If your DD has a gift, OP, nurture it. Don't let people who know the value of nothing dictate what she can/can't do. Being able to communicate well is a really important skill and not enough people have it, even in top comms jobs (look at the amount of badly-written and garbled news articles on any given news site).

grey12 · 07/02/2024 14:43

I would expose her, in a fun way, to different kinds of poetry. Or maybe get a technical book on poetry so she can learn the more nittygritty of it.

There must books really nice books with compilations of children's poetry or famous poetry. Both would be great.

But I do agree that left to her own devices would be better 😊 prompts can be cool but as a kid, I would have inspiration from random things, in the shower,....

Wgdici52828 · 08/07/2024 11:45

Blumarine · 25/12/2023 23:47

It’s nice that she enjoys poetry writing but it isn’t really a valuable skill. Even adults with years of experience find it virtually impossible to get their poetry published, and it certainly doesn’t generate any money even if it does get published. I would just give her a notebook and let her write as a hobby if she wants to.

This is the most profoundly depressing, materialistic and prosaic response I have ever seen on mumsnet 🤣

not everything in the world is about generating money, thank god.

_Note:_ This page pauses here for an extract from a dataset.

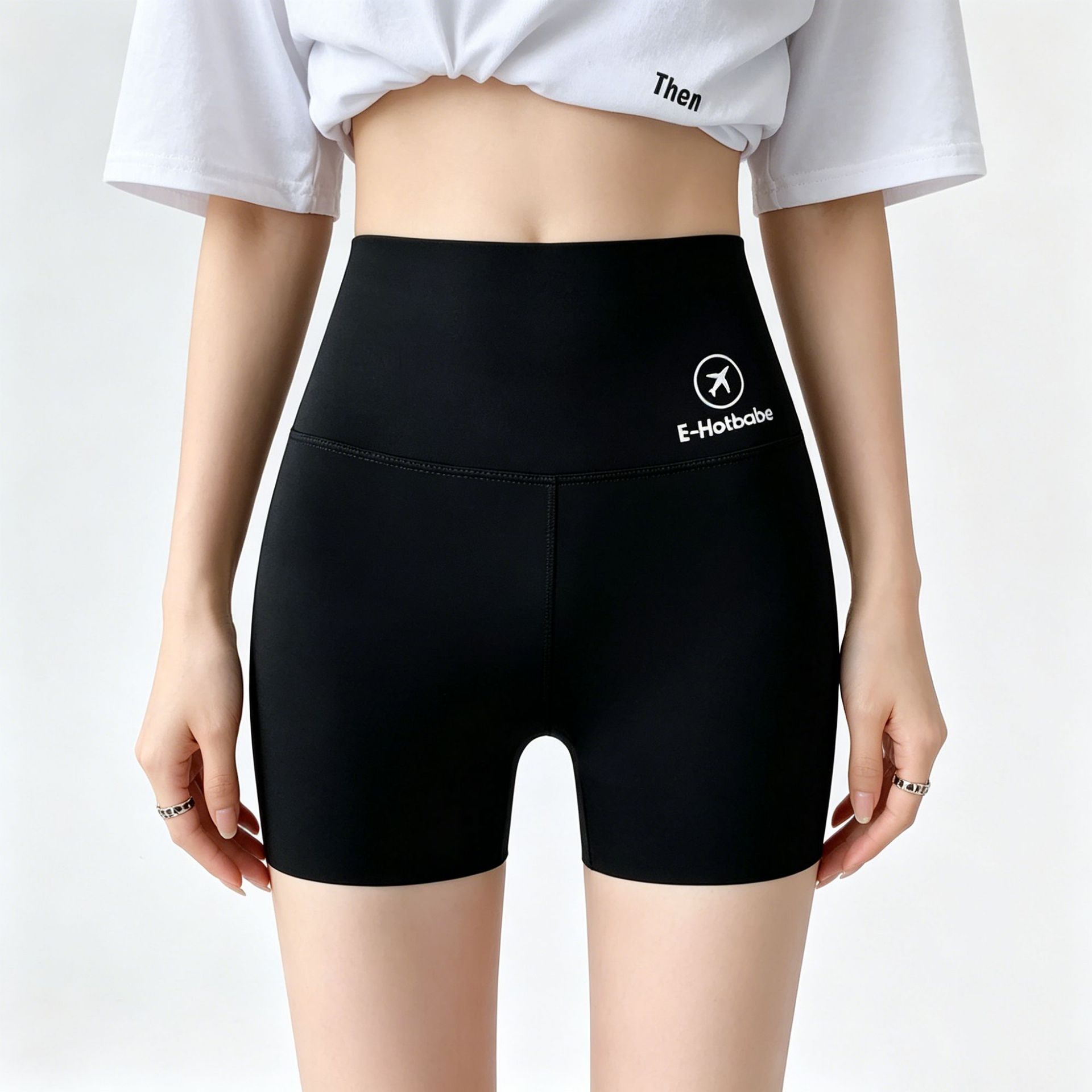 상어 피부베이스 반바지 여성용 외부 착용 방지 여름 높은 허리 안전 바지 여성용 얇은 나일론 반바지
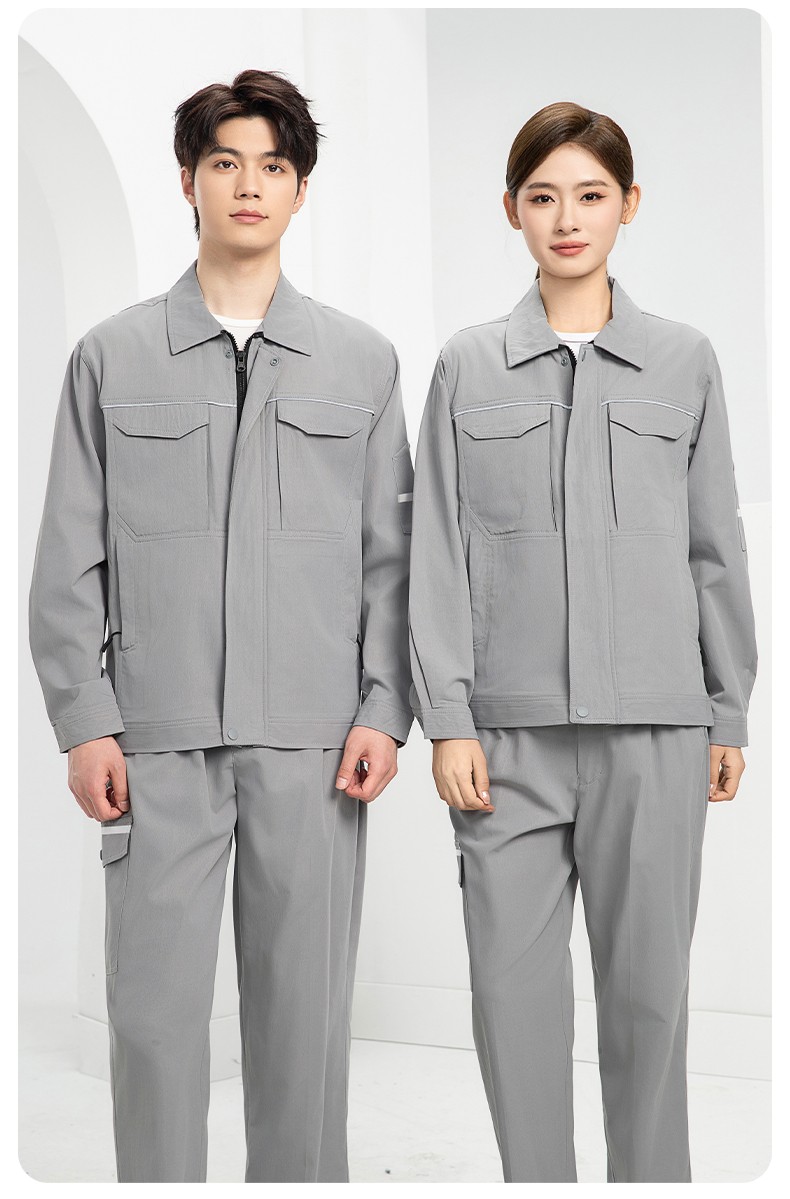 DM242X 夏季長(zhǎng)袖工作服男套裝耐磨工廠車間廠服建筑施工勞保服汽修服定制(圖18)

you sound like mr gradgrind!

BeansMeansBeans · 08/07/2024 11:48

Look at the national literacy trust - they have poetry days, competitions, ideas, events... Could be just what you're looking for! Smile

Domoda · 08/07/2024 12:05

CurlewKate · 07/02/2024 08:17

Please don't interfere! Let her get on with it. Make sure she has plenty of books to read, plenty of paper and step away! Don't ask to read her work. Don't talk to school about her. Don't ask her to show Grandma. Don't make suggestions, or sign her up to prompt websites or make her join groups at courses. She doesn't need any of that. If she wants to talk about it or show you she will. But it's her thing. Leave her alone!

This!
I was good at art as a child. But people's keenness to tell me I was talented and promote this led to a sense of internal pressure that killed the enjoyment for me and killed my creativity and desire to make art.
Just leave her to it.

Juliagreeneyes · 27/12/2024 02:33

it isn’t really a valuable skill

As far as poetry dollars are concerned, DD has managed to get a hefty financial scholarship in Creative Writing at an independent school through a portfolio of her poetry. You might want to check out scholarships and bursaries, OP — a few schools do offer creative/arts entrance awards. We couldn’t have afforded to pay the full fees for DD, so she’s certainly managed to get something out of her talent so far!